-- Information given --
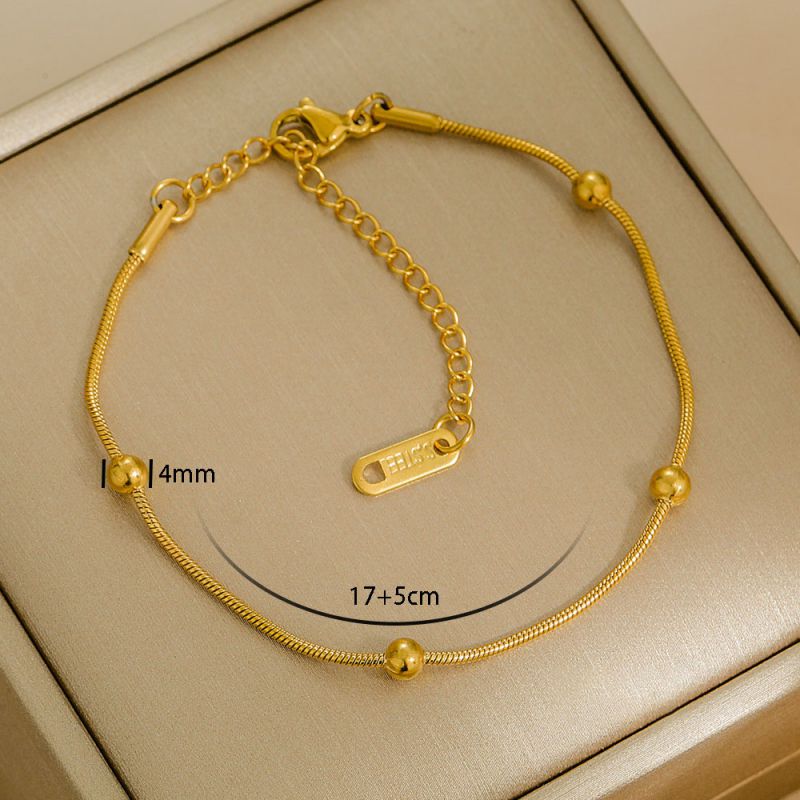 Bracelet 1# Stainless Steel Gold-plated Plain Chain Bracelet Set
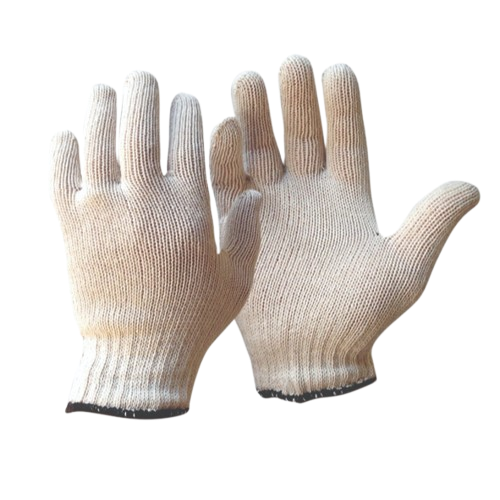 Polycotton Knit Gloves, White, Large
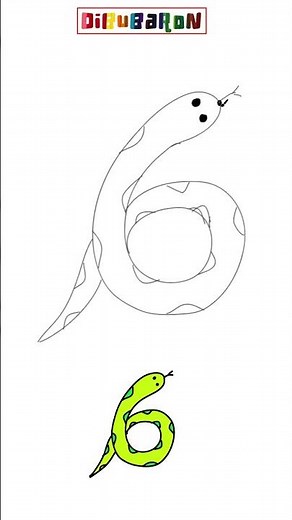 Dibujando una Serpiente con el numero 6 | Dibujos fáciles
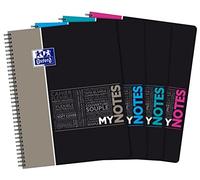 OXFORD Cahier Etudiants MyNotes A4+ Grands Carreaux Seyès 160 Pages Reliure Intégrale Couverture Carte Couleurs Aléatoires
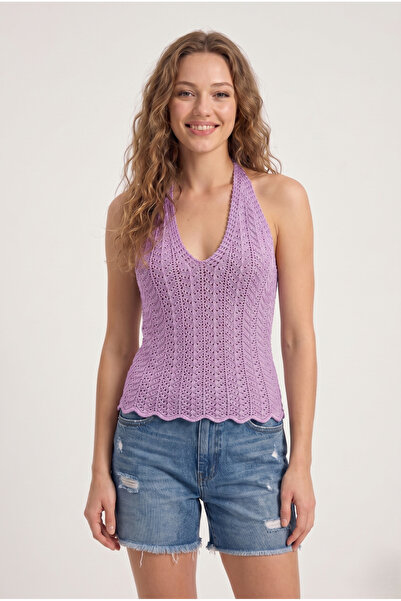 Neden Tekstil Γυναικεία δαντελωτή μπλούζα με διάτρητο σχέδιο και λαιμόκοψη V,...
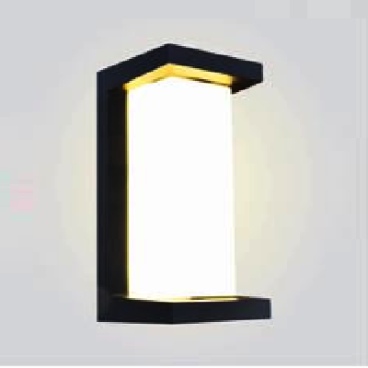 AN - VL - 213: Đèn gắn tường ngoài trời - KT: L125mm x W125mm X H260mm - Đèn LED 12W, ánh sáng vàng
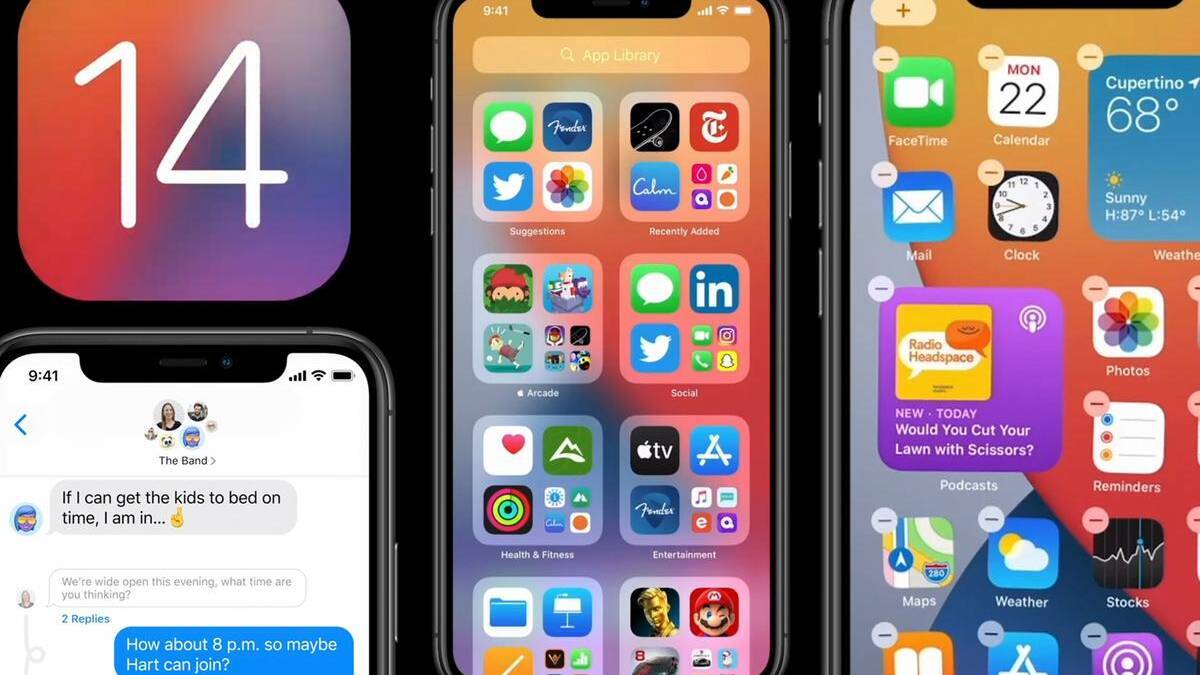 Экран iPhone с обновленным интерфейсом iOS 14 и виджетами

--

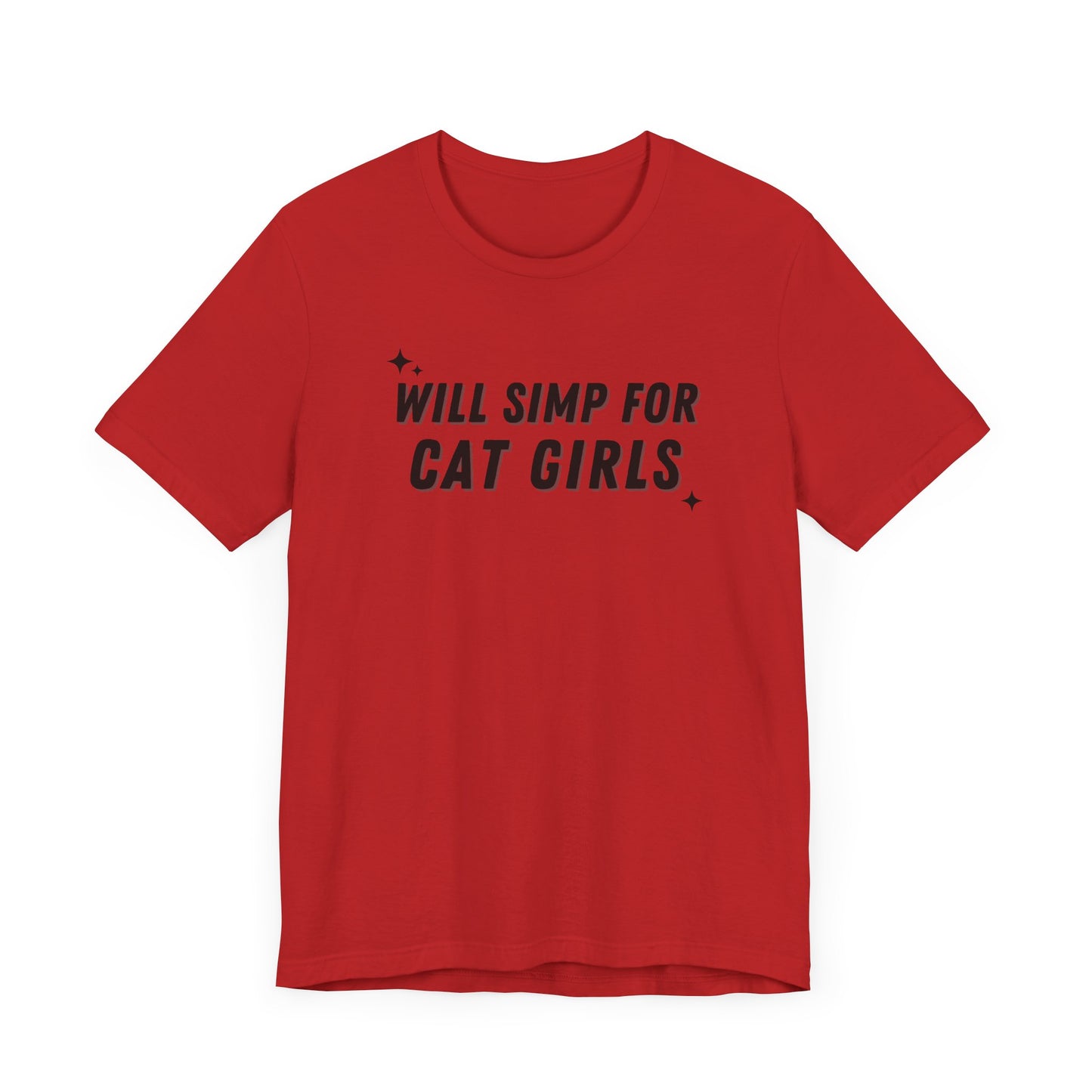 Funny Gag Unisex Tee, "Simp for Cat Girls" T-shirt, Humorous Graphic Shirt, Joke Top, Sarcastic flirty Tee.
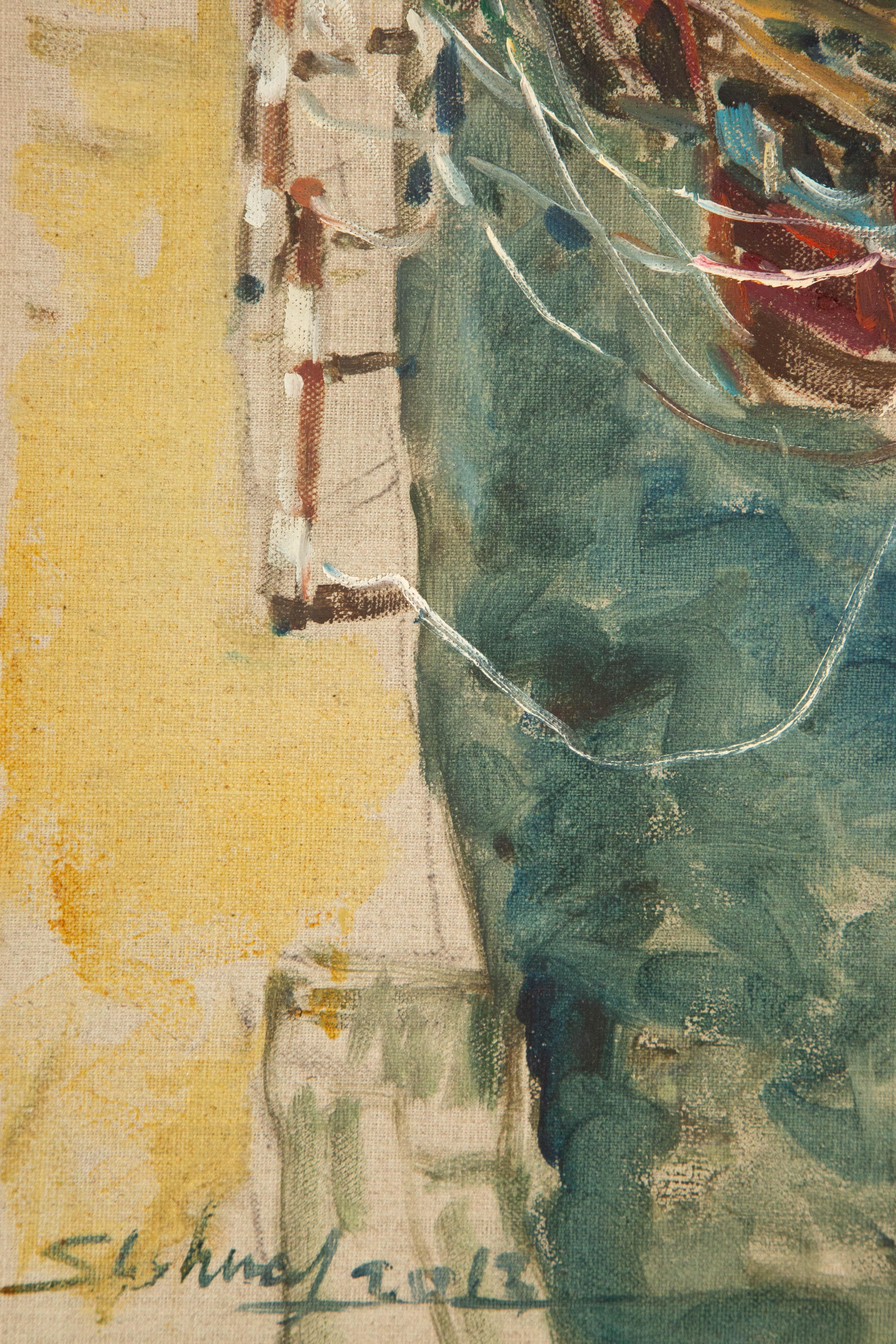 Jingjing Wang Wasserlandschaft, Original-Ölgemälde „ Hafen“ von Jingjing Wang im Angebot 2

* * *

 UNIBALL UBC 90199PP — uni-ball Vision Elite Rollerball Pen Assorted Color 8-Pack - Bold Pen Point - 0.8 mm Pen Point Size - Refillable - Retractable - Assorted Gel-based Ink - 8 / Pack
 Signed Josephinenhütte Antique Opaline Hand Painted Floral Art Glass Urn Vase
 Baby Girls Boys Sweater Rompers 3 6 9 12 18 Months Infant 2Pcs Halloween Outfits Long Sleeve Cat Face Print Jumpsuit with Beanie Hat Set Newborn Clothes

-- Exercise requirements --
In the data above, retype only the stretch from the line with "Polycotton Knit Gloves, White, Large" through the line with "Экран iPhone с", word for word, and skip any pictures.

-- Result for this task --
 Polycotton Knit Gloves, White, Large
 Dibujando una Serpiente con el numero 6 | Dibujos fáciles
 OXFORD Cahier Etudiants MyNotes A4+ Grands Carreaux Seyès 160 Pages Reliure Intégrale Couverture Carte Couleurs Aléatoires
 Neden Tekstil Γυναικεία δαντελωτή μπλούζα με διάτρητο σχέδιο και λαιμόκοψη V,...
 AN - VL - 213: Đèn gắn tường ngoài trời - KT: L125mm x W125mm X H260mm - Đèn LED 12W, ánh sáng vàng
 Экран iPhone с обновленным интерфейсом iOS 14 и виджетами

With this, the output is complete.